It`s probably not often that the Labour party receives a favour from the leader of the country`s chief constables. However, the dire warnings from Sir Hugh Orde about inadequate protection of the public from "criminals and the growing threat of homegrown terrorists" which would ensue with another five years of the Tories` "long-term economic plan", should rejuvenate its propaganda machine. The electorate, judging by the opinion polls, appear ignorant of the real implications of "public spending falling to just 35% of GDP", and Labour should not be relying on leaders in the front-line of the cuts to be doing their electioneering for them. Even when Ed Balls makes a speech on the subject, a luke-warm reception from the press is guaranteed, so one solution might be to plan an all-out assault by the party as a whole.
How can the "grooming" epidemic be stopped, or the increased pressure on the NHS and education services be eased, when less experts are employed to do their jobs? Increasing NHS efficiency or social mobility are definitely not Tory targets. Reducing further the staff at HMRC and the Food Standards Agency inevitably will lead to no reduction to either the tax avoidance "industry", or the health risks caused by food contamination, whilst yet more cuts in the social care budget will intensify pressure at A and E departments. The list is endless, and the dangers cannot be emphasised too much; arguments against shrinking the state are not "bashing-business" as the likes of the CBI predictably suggest, but in favour of ensuring safety and fairness for all.

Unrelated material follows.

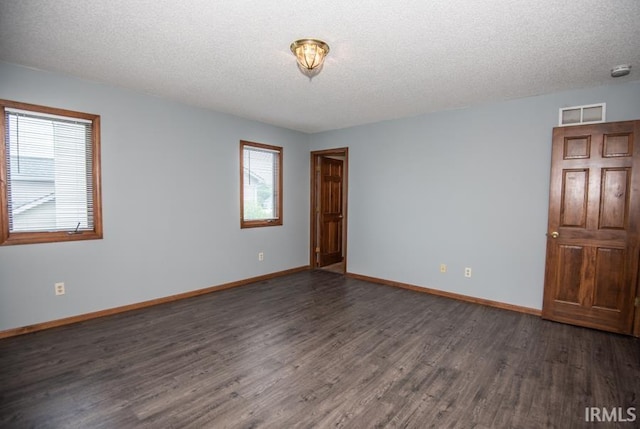 10217 Lake Tahoe Ct, Fort Wayne, IN 46804 - empty room with wood finished floors, baseboards, a textured ceiling, and a smoke detector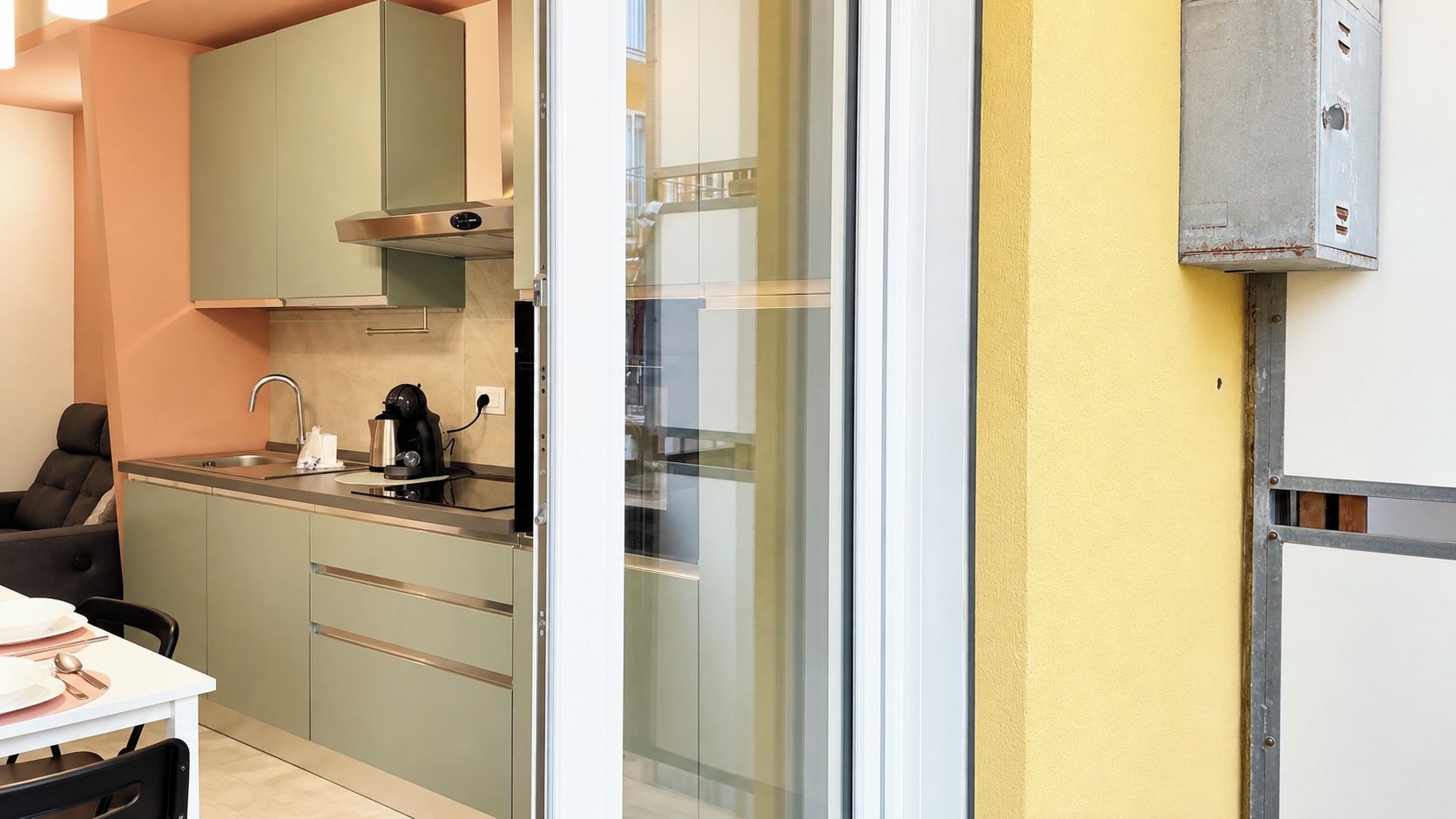 A compact kitchen with a coffee machine, a sink, and a dining area with a table set for two.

What the Tories are promising is a government based on laissez-faire principles, where, with so little regulation, the gap between rich and poor continues to rise exponentially. Hopefully, the 15% of the media which is not committed to aiding a Tory election victory will play its role in warning voters of the consequences of another Tory-dominated government, and the real reasons why Cameron is unwilling to defend his policies in TV debates will be realised.